This post is by Matthew Perks, CEO of New Energy Events LLC, the organisers of the annual Caribbean Renewable Energy Forum (CREF). which will take place in Miami from 18-20 October, 2017.
A little over a month ago, on 1 June 2017, the day that Donald Trump announced the withdrawal of the US from the Paris Agreement, the New York Times speculated that the impact of the withdrawal would be determined by the global response to the decision. Would countries double down on their efforts to curb greenhouse gas emissions? Or would the agreement begin to fray at the seams? One day later, Christiana Figueres, who led the negotiation of the treaty, ventured on to Twitter to say, “Thank you, Trump. You have provoked an unparalleled wave of support for Paris and determined resolve on climate action. Deeply grateful.”
But what about the money?
That was five weeks ago. What seemed at the time premature now seems prescient. In the US, the reaction to the withdrawal from many cities and states has been swift, resolute and meaningful. Only days after the announcement, Hawaii became the first state to enact measures to adopt sections of the Paris Agreement into state law. While some states have remained silent, if the US states that have come out in support of the agreement were a country they would comprise one of the world’s largest economies.

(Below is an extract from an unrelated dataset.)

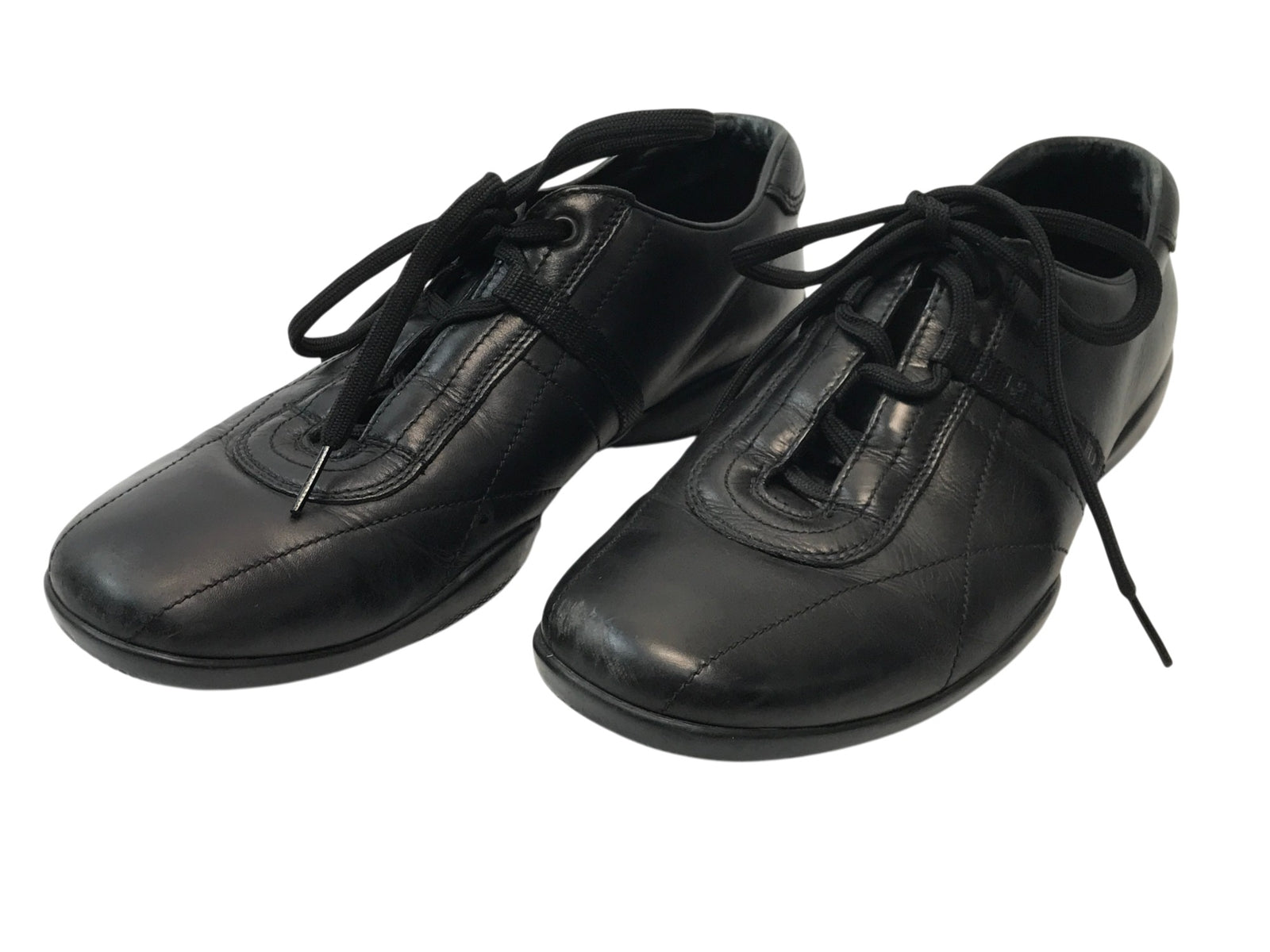 PRADA ローカットスニーカー サイズ6 1194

Of course it’s one thing to support measures to reduce emissions, another to put your money where your mouth is. In 2015 the US pledged US$3 billion to the Global Climate Fund (GCF); US$1 billion has made it into the fund but it seems improbable that it will see the balance. Of all the states and cities that have come forward, few have acknowledged the need to honour the financial commitments which comprised such a vital component of the agreement.
Why does it matter?
After Trump announced the US withdrawal, I spoke with James Fletcher, the former minister responsible for energy policy in St Lucia and a leading voice at the Paris talks representing the interests of island nations. He was, like Figueres, encouraged by the reaction to the pronouncement but deeply concerned about the implications for the flow of funding to critical adaptation projects across the Caribbean and to islands worldwide.
The loose affiliation of island nations in Paris rallied around a cry of “1.5 to stay alive”, or in other words: limit global warming to 1.5oC or we go under. It doesn’t take a rocket scientist to understand that even a small rise in sea levels will have an outsize and catastrophic impact on islands, many of which – particularly in the Pacific – barely emerge out of the ocean as it is.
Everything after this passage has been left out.